Domain-specific Language Implementation Patterns (Pt. 4): Semantic Analyzer

4. Semantic Analyzer

Lexers and parsers can only build a representation of some input text. They give accurate statistics like “how many statements are there inside this block of code?”, “what is the return type of this function?”, etc. They don‟t give any additional information on what is the meaning of particular input phrase and whether it is semantically correct, i.e. whether it makes sense. Because of this, lexers are parsers are called lexical analyzers and syntactic analyzers respectively. In order to make sense of the input text, a third kind of analyzers is used, called semantic analyzer. A semantic analyzer explores an IR constructed by a parser and apply and enforce semantic rules on that IR. Semantic rules are not part of a grammar, they are spoken constraints that enforce the correctness of the IR and / or build new metadata based on the IR, such as symbol table. Inside the language application pipeline, the construction of symbol tables is one of the semantic analyzers.

Given the example below:

int x;
x = 2.2;

Here x is first declared to be a variable, and then it is assigned. Both statements are correct in terms of their syntax. However, the data type of x is integer, so it cannot be assigned to a floating-point value. This incorrectness in meaning are not detected by lexers or parsers and should be handled using a dedicated semantic analyzer.
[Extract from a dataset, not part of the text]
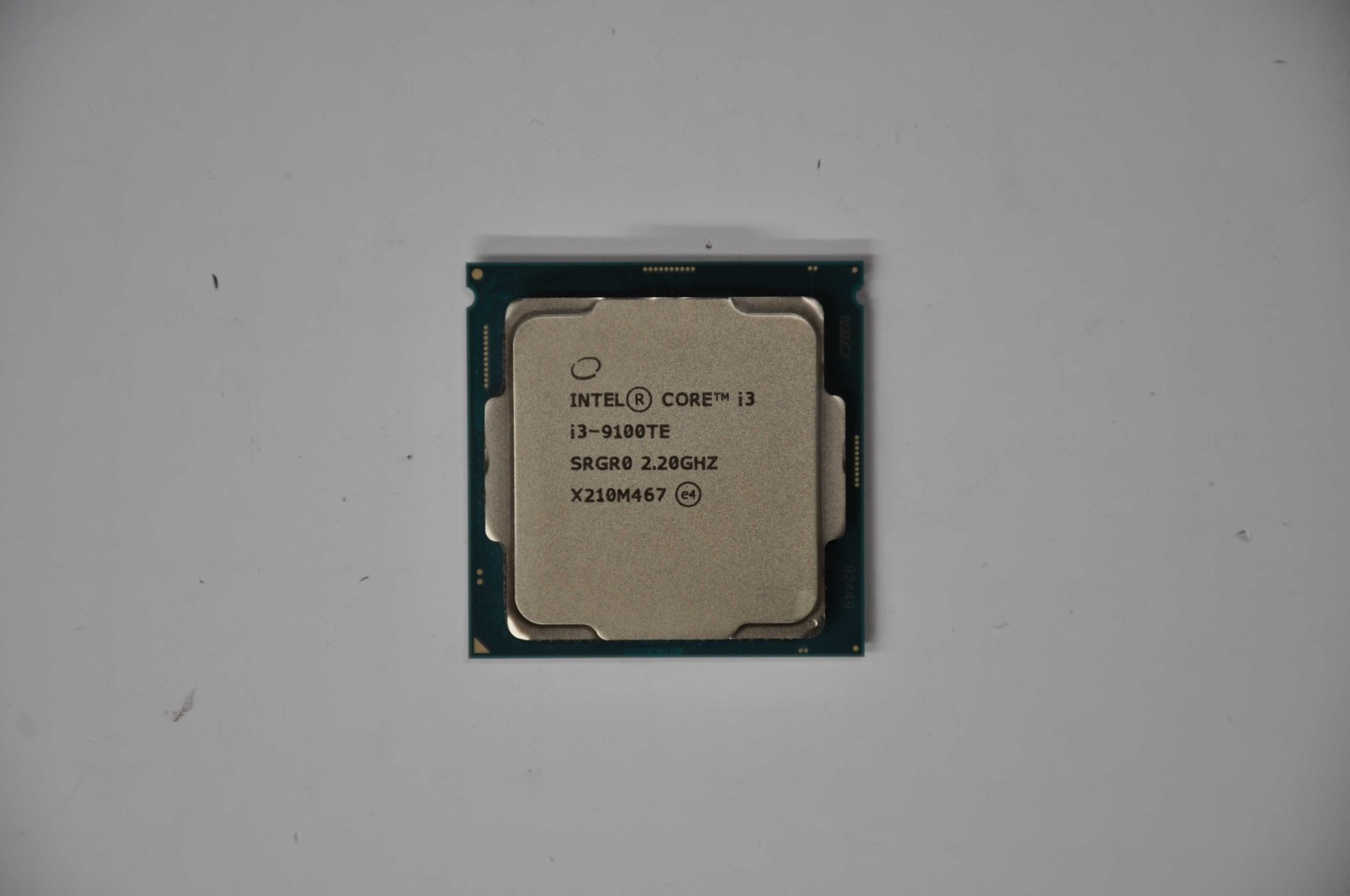 INTEL 9th Generation Intel Core i3 Processors Base Frequency 2.20GH Grade A SRG0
In order to analyze an IR, a semantic analyzer first needs a way to traverse that IR. Additionally, some language applications also need to rewrite IRs. In doing so, they are able to optimize, fix issues or perform certain actions before generation. Applications that do this are plenty, bug finders, source optimizers, code formatters all need to rewrite IRs. Because traversing and rewriting IRs have many applications, tree walker is a big part in implementing a programming language. In real implementation, tree walking is just a way to access nodes of an AST. This can be done either internally or externally. Internal tree walkers, or Embedded Tree Walkers, embed all walking procedures into the nodes themselves.

// Embedded_tree_walker
class AdditionExpression // represents an arithmetic addition
operation
{
    ExpressionNode leftOperand;
    ExpressionNode rightOperand;
    public AdditionNode(ExpressionNode leftOperand, Token
        addOperator, ExpressionNode rightOperand) {
      super(addOperator);
      this.leftOperand = leftOperand;
      this.rightOperand = rightOperand;
    }
    
    public void walk() {
        // pre-order walking code
        leftOperand.walk();
        
        // in-order walking code
        rightOperand.walk();
        
        // post-order walking code
    }
}

The code for walking is actually just a method inside the class AdditionExpression. Here the walking code can be placed in three orders: pre-order, in-order, post-order. From this piece of code, it is clear that at very node, there are three opportunities a walker can perform an action upon a node. These actions vary on the purpose of the application. For a simple translator, the actions can simply be printing out the token. A simple expression such as 1 + 2 can be printed out using an in-order action, that is, the root node + is printed in between the two child nodes 1 and 2. Tree walkers are also used to construct many metadata table, such as symbol tables. In particular, a tree walker needs to visit almost every branch and node inside a tree in order to construct a comprehensive symbol table. Inside the semantic context of the input text, a symbol is a unique identifier for an entity such as a variable, class, or method. A symbol table is a data structure for storing and retrieving symbols located throughout the source code. Looking at this sample

class Foo {
    Foo func() { ... }
    int x;
}

There are three recognizable symbols: “Foo”, “func”, and “x”. However, along with the name, the category of the symbol also need to be stored. Whether a symbol is a class, a variable, or a method matters and determines the correctness of many operations. Using languages like Java to implement the application, it is easy to define what a symbol is with class.

public class Symbol {
    public String name; // the text of the symbol
    public TokenType tokenType; // type of the token for this symbol
}

Using the features of object-orientation, one could go further and implement symbol in a different way:

public class Symbol {
    public String name;
}

public class VariableSymbol extends Symbol {
    public Type type;
}

public class TypeSymbol extends Symbol {
    public Type type;
}

public class OperatorSymbol extends Symbol {
    public Type leftType;
    public Type rightType;
    public Type returnType;
}

Here by separating each type of symbol to its corresponding class, we are able to store additional data about each type of symbol. For example, a variable symbol can store its data type, an operator symbol can store the data type of the left and right operand, along with the evaluated type.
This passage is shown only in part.